You are viewing a plain text version of this content. The canonical link for it is here.
Posted to solr-user@lucene.apache.org by Markus Jelsma <ma...@openindex.io> on 2018/04/03 21:04:27 UTC
RE: 7.2.1 cluster dies within minutes after restart

To clear things up, this has been resolved; the problem was present in our custom analyzers where we loaded dictionaries in the wrong method. If i remember correctly, we loaded them in createComponents (or the other one, don't have the code here), so it was per-thread loading of dictionaries.

Apparently, in some cases, Solr creates a lot of threads, causing our code to load the same dictionaries over and over.

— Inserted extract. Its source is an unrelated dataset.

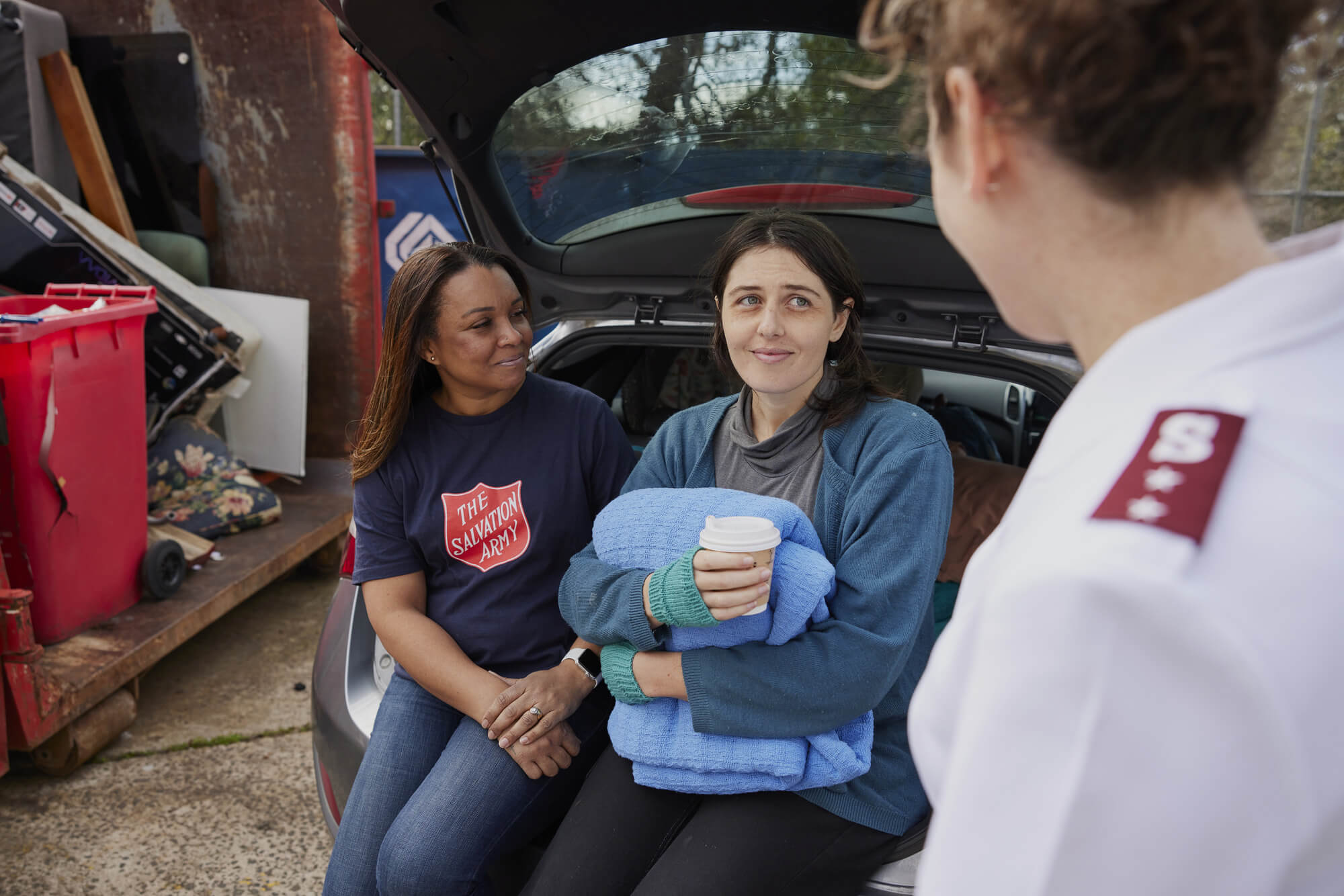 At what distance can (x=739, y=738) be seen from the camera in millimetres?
1380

Although we were at fault, i still don't understand the need Solr sometimes had for creating so many threads at unpredictable times. Be is just after start up a few times, to hours or days since start up, while our query load and document ingestion rate stayed the same.

Thanks,
Markus

 
 
-----Original message-----
> From:Markus Jelsma <ma...@openindex.io>
> Sent: Friday 26th January 2018 18:03
> To: Solr-user <so...@lucene.apache.org>
> Subject: 7.2.1 cluster dies within minutes after restart
> 
> Hello,
> 
> We recently upgraded our clusters from 7.1 to 7.2.1. One collection (2 shard, 2 replica) specifically is in a bad state almost continuously, After proper restart the cluster is all green. Within minutes the logs are flooded with many bad omens:
> 
> o.a.z.ClientCnxn Client session timed out, have not heard from server in 22130ms (although zkClientTimeOut is 30000).
> o.a.s.c.Overseer could not read the data
> org.apache.zookeeper.KeeperException$SessionExpiredException: KeeperErrorCode = Session expired for /overseer_elect/leader
> o.a.s.c.c.DefaultConnectionStrategy Reconnect to ZooKeeper failed:org.apache.solr.common.cloud.ZooKeeperException: A ZK error has occurred
> o.a.s.s.HttpSolrCall null:org.apache.solr.common.SolrException: Error trying to proxy request for url
> etc etc etc
> 2018-01-26 16:43:31.419 WARN  (OverseerAutoScalingTriggerThread-171411573518537026-logs4.gr.nl.openindex.io:8983_solr-n_0000001853) [   ] o.a.s.c.a.OverseerTriggerThread OverseerTriggerThread woken up but we are closed, exiting.
> 
> Soon most nodes are gone, maybe one is still green or yellow (recovering from another dead node).
> 
> A point of interest is that this collection is always under maximum load, receiving  hundreds of queries per node per second. We disabled the querying of the cluster and restarted it again, this time it kept running fine, and it continued to run fine even when we slowly restarted the tons of queries that need to be fired.
> 
> We just reverted the modifications above, the cluster now receives full load of queries as soon as it is available, everything was restarted and everything is suddenly fine again.
> 
> We really have no clue why for a days everything is fine, then we suddenly come into some weird flow (loaded with o.a.z.ClientCnxn Client session timed out msgs) and it takes several full restarts for things to settle down. Then all is fine until this afternoon where for two hours long the cluster kept dying almost instantly. And at this moment, all is well, again, it seems. The only steady companion when things go bad are the time outs related to ZK.
> 
> Under normal circumstances, we do not time out due to GC, the heap is just 2 GB. Query response times are ~10 ms even when under maximum load. We would like to know why and how it enters a 'bad state' for no apparent reason. Any ideas? 
> 
> Many thanks!
> Markus
> 
> side note: This cluster always has been a pain but 7.2.1 made something worse, reverting to 7.1 is not possible due to index being too new (there were no notes in CHANGES indicateing an index incompatibility between these two minor versions).
> 
> 
>